Estamos atravesando una época de cambios vertiginosos y drásticos. Tantos y tan profundos que las viejas generaciones de los hoy padres y abuelos quedan sorprendidas de la forma de pensar y de la forma de vivir de sus hijos y nietos. Les cuesta trabajo entender su mundo y mentalidad que afecta incluso a lo ético y lo moral. Lo soportan y resisten con resignación. Por encima de todo, son su familia, su descendencia. Valores que fueron cimiento de la convivencia como la estabilidad de la familia, la amistad, la austeridad y la superación ante la adversidad, la honradez, la verdad, la solidaridad y la compasión, la gratuidad…van perdiendo campo y lo va ganando el individualismo, la apariencia, el egoísmo y la egolatría, la mentira, el narcisismo…
En la misma sociedad hablamos mucho de renovación, de bienestar, de derechos humanos, de igualdad y libertad, pero a la vista está que es más fácil destruir, dividir, enfrentarse que buscar acuerdos y consensos con los que piensan de manera distinta. En el parlamento español queda demostrado estos días.
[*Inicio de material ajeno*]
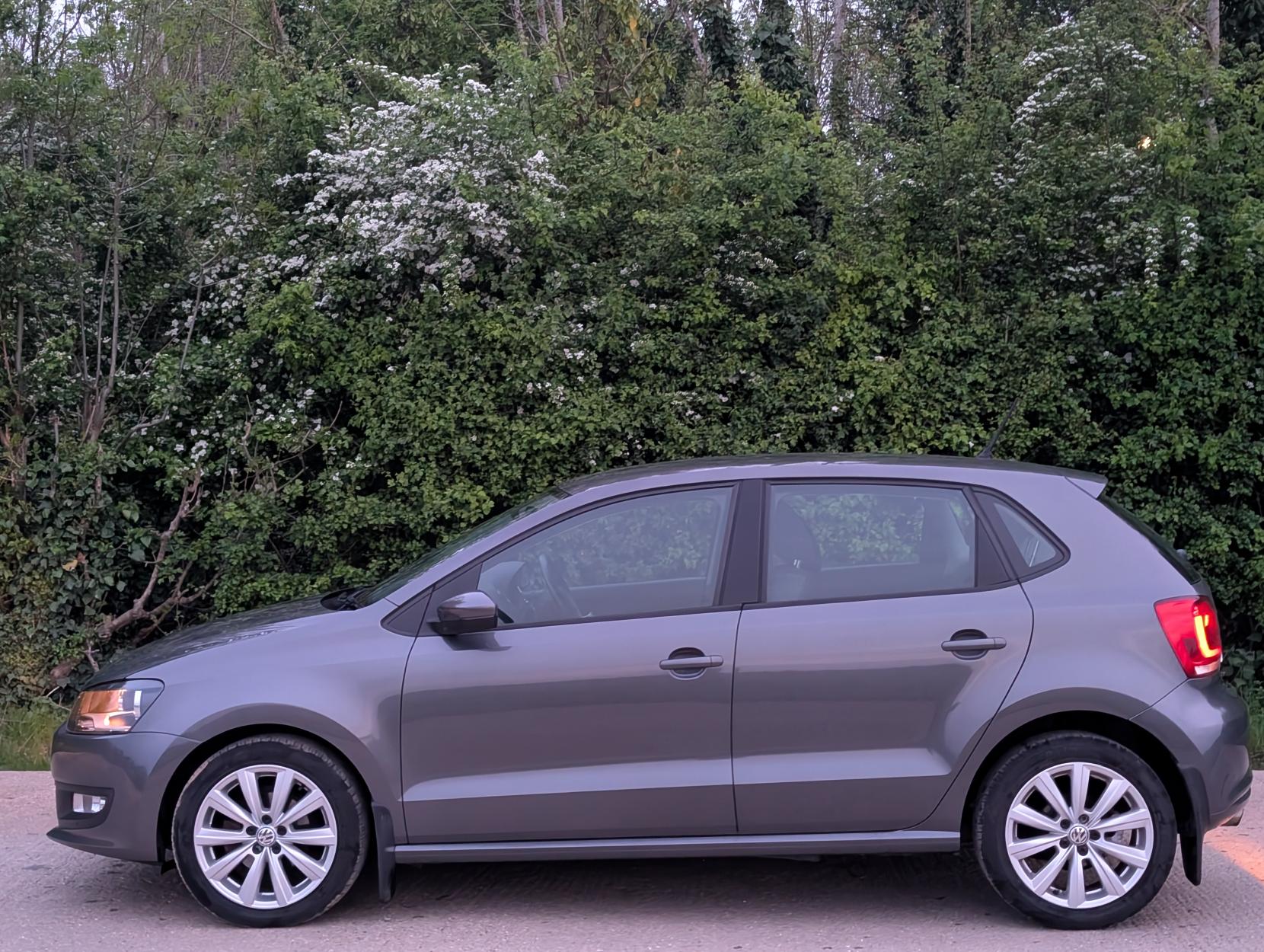 Volkswagen Polo 1.4 SEL Hatchback 5dr Petrol DSG Euro 5 (85 ps)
Ya que citan, unos y otros, tanto al Papa, debieran de aceptar su consejo de la necesidad de lograr entre ellos al menos una “amistad social”. Lo de la fraternidad por ahora es imposible.
En el evangelio del próximo domingo se nos recuerda cuál es lo esencial de nuestra religión: amar a Dios y al prójimo. No es baladí. Sin amor no puede vivir, ni en casa ni en la calle. Vale también para la vida social. La falta de amor nos va deshumanizando y hará imposible hacer frente a las verdaderas necesidades sociales.